Too many scars of off-shoring projects.

Ah well, if you buy cheap product, don't be surprised when it turns out to be shoddy. I have the same experience with offshore. Having a "safer" language means they will just provide you with dumber code monkeys.

I imagine any security expert would agree, but I might be wrong.

Security is not a simple yes/no game - the most secure computer is one that is off. It's all about finding middle ground. Some code warrants your approach, some doesn't. Making blanket statements, however, will guarantee that at times you will throw the baby out with the bathwater.

Should I now give a CS lecture about classes of static typing?

If you can't support your claims, don't make them. But before you dig into it, take a look at: https://en.wikipedia.org/wiki/Strong_typing#Variation_across_program...
Note that some of these definitions are contradictory, others are merely orthogonal, and still others are special cases (with additional constraints) of other, more "liberal" (less strong) definitions.
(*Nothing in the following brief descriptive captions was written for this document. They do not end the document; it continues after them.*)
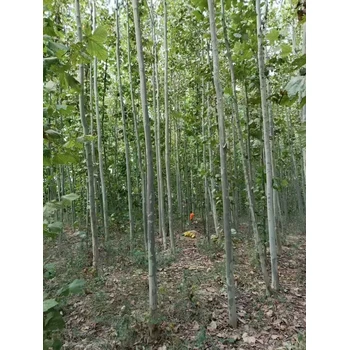 山東聊城莘縣法桐基地二喬法桐基地歡迎您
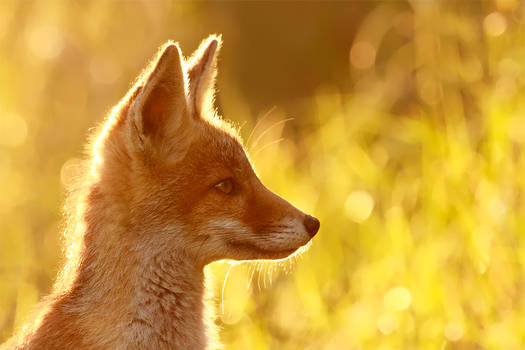 Red Fox Dreams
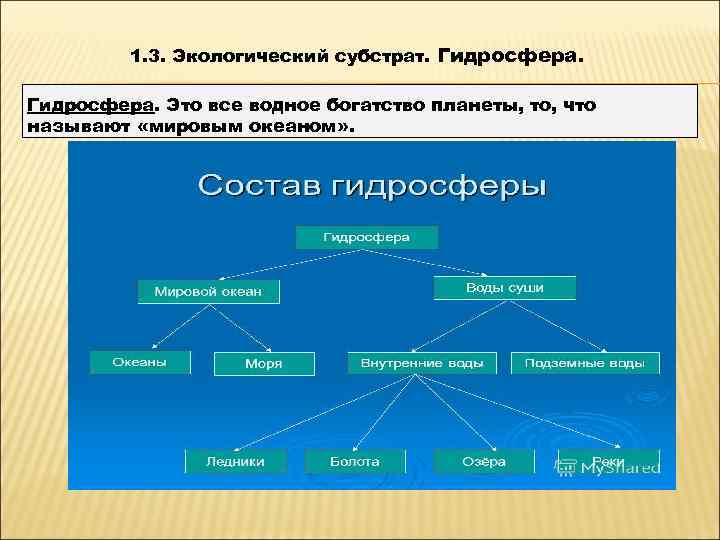    1. 3. Экологический субстрат. Гидросфера. Это все водное богатство планеты, то,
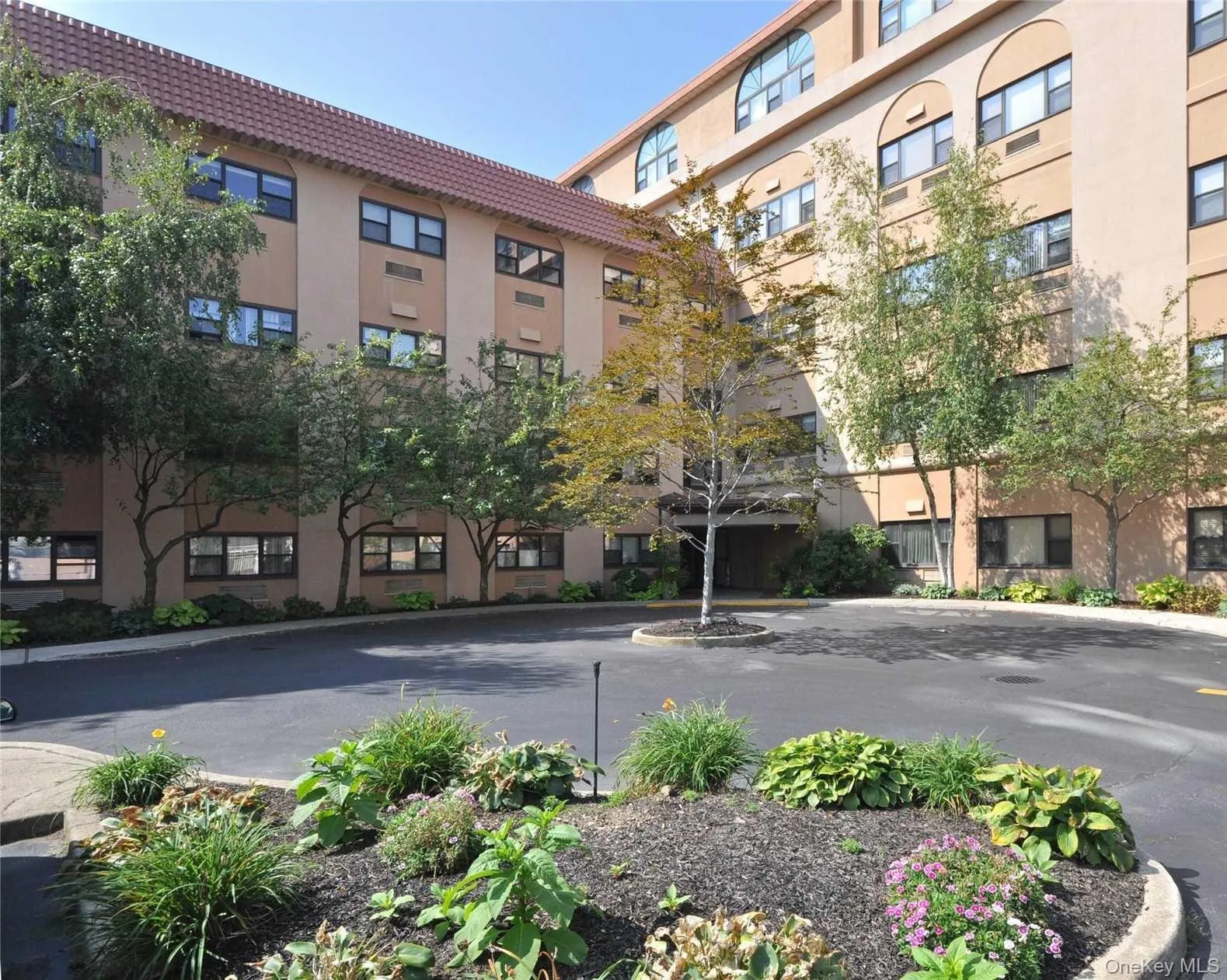 185 Park Avenue, Long Beach, NY, 2 Bedrooms Bedrooms, 4 Rooms Rooms,2 BathroomsBathrooms,Residential,For Rent,Park,0,1054154 185 Park Avenue, Long Beach, NY, 2 Bedrooms Bedrooms, 4 Rooms Rooms,2 BathroomsBathrooms,Residential,For Rent,Park,0,1054154
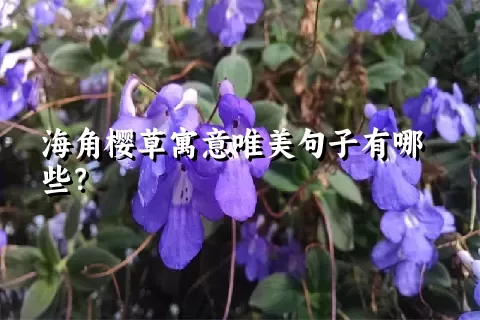 海角樱草寓意唯美句子有哪些？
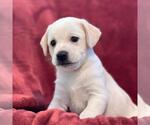 Phoenix Pup - Suns - Male Raggle Dog for Adoption - Small photo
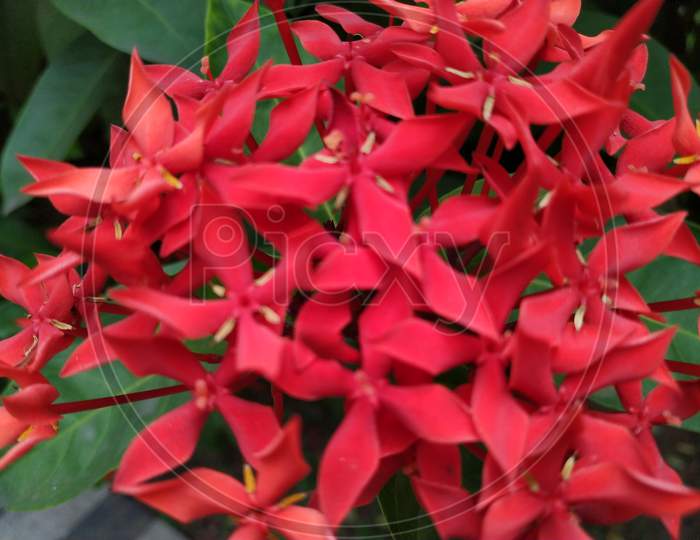 Indian beautiful Red flower
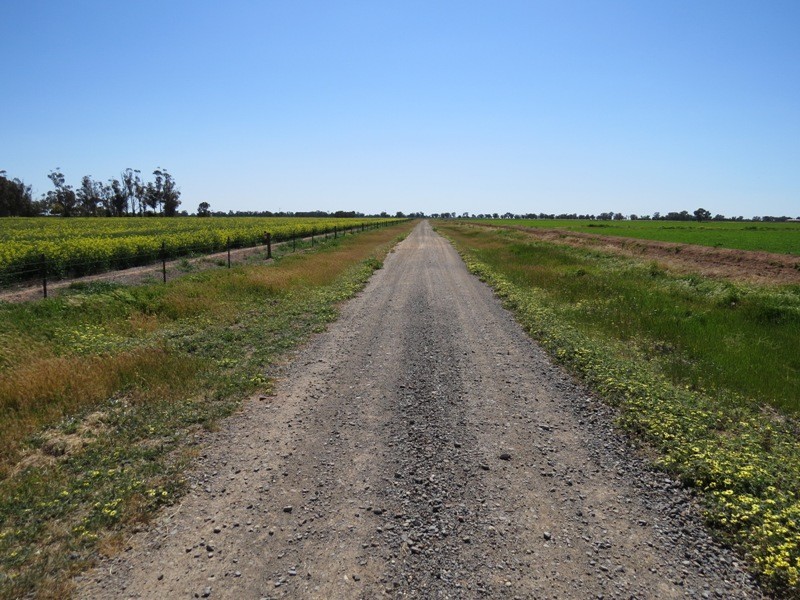 163 Holzigals Road, Finley NSW 2713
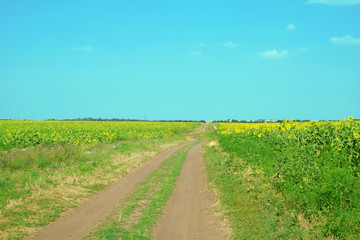 Countryside roads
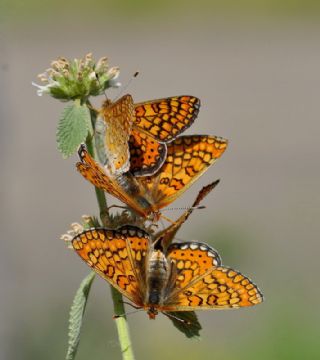 Nazuum (Euphydryas aurinia)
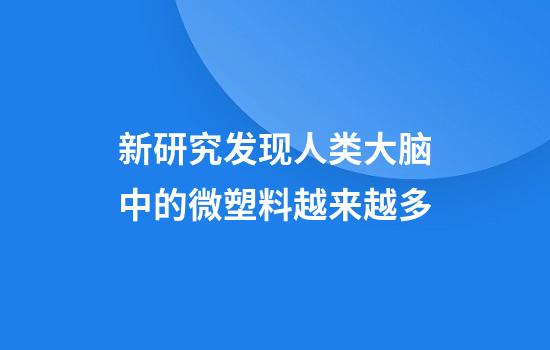 新研究发现人类大脑中的微塑料越来越多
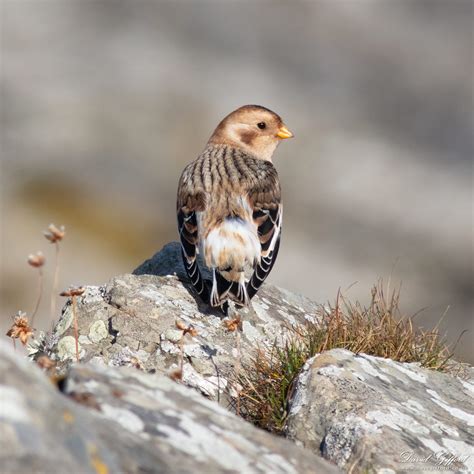 Snow Bunting II | David Gifford Photography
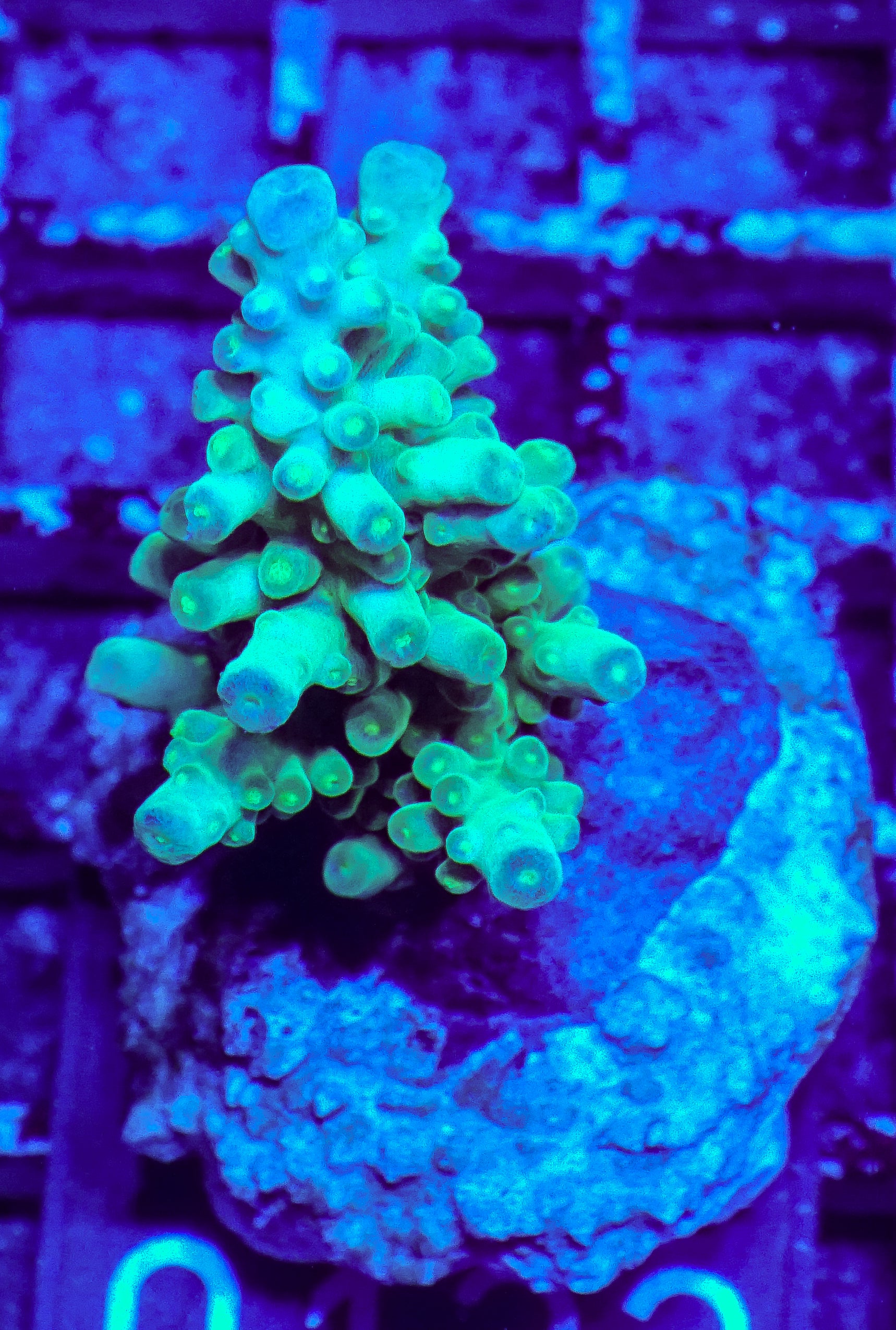Acropora austera “golden age”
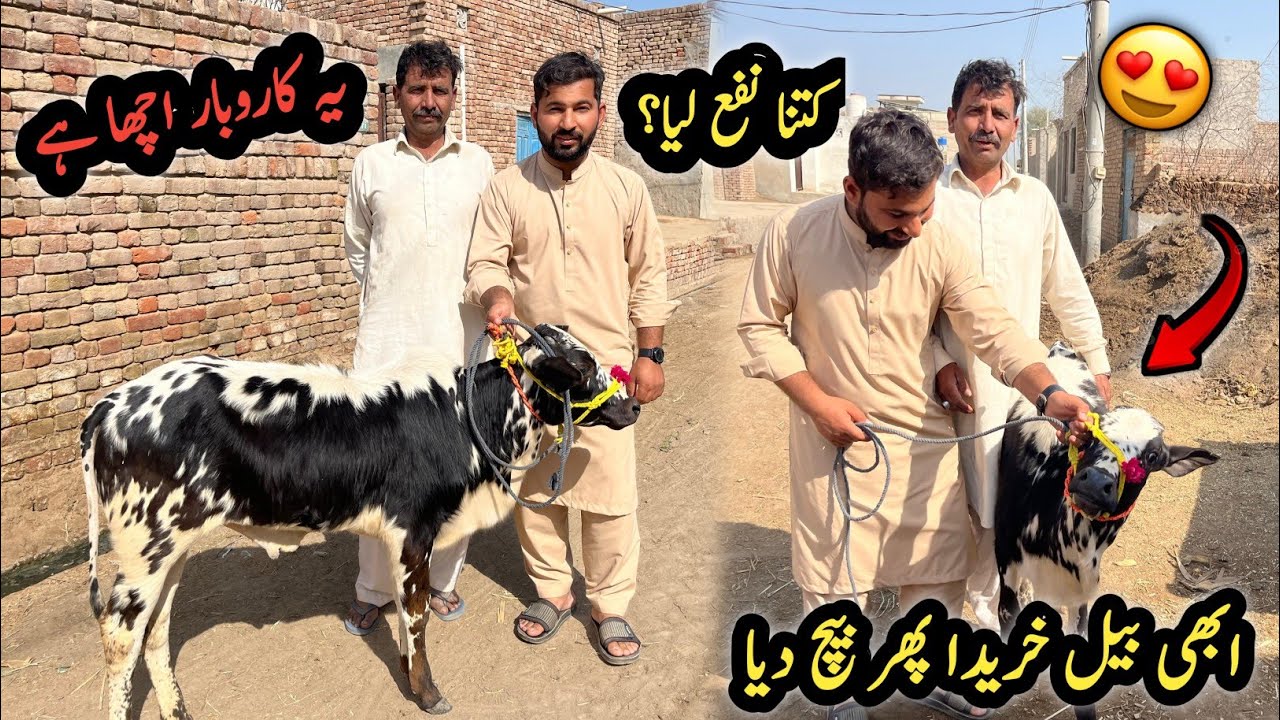 Abi Bail Khareda Or Abi Bech Diya 😀 Village Life Vlog | Shazyy Vlog 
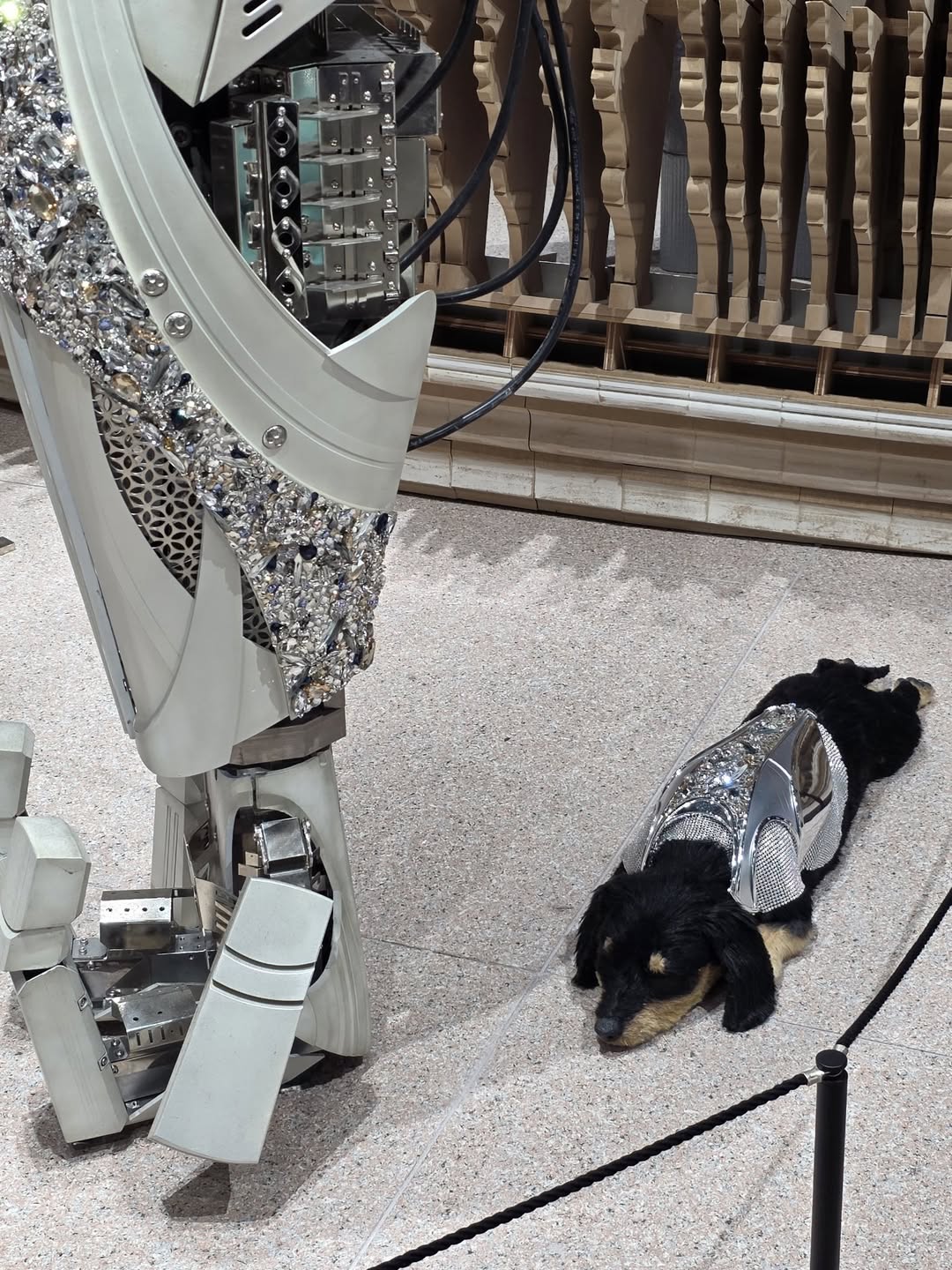 แอฟ - ทักษอร ภักดิ์สุขเจริญ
Because of the wide divergence among these definitions, it is possible to defend claims about most programming languages that they are either strongly or weakly typed.

So any statements you present will most likely just express your personal opinions on the matter. Oh and I have an MS in CS, so I've heard them before (including "C sux", "C rocks" and "Let's code everything in Prolog").

I am well aware of that Wikipedia page.
There many more C vendors than what Wikipedia lists and many customers don't let you choose the compiler to use.

If your hands our bound by your customer, then I suspect you have other problems in your project, not just with the language.

Well, have you ever done a 300+ developers multi-site project?

I was talking about things like X.org, KDE, the Linux kernel, Illumos, etc. These are humongous code bases with tons of external dependencies and when doing a project that uses them, I don't have the time to go through each and every piece and fix a maintainer's bad assumptions about build environments, often times just to test a solution. That's why I said -Werror is good for development, bad for distribution.

To expert C coders, you mean.

Agree, it's probably news to you. GCC, for instance, supports -W and -Wall, both of which together activate lots of helpful static code analysis in GCC (unused variables, weird casts, automatic sign extensions, etc.).

Just stating my opinion.

No problem there - when you clearly state something as personal opinion, I have no problem. It's only the assertions and blanket statements that make my blood boil. We could probably understand each other over a beer much better than over the Intertubes.

Reply Parent Score: 4

znby Member since:
2012-02-03

"Then why did they not use Algol 60 or PL/I, which were the system programming languages of the time?

...
As for PL/I - it was first published in 1964 when the predecessors of C were already fairly underway in their own life, and it was a proprietary product of IBM (whereas C was designed at Bell Labs). Your romantic view of the wide availability of quality computer languages in the 60s is totally missing the reality of development back then.
"

Interestingly enough, Multics, whose developers included Ritchie and Thompson, was written in PL/1 and used one of the first non-IBM compilers for the language. PL/1 was by all accounts a product of 'design by committee' and compilers for it which supported the entire language were difficult to implement and required high end computers at the time.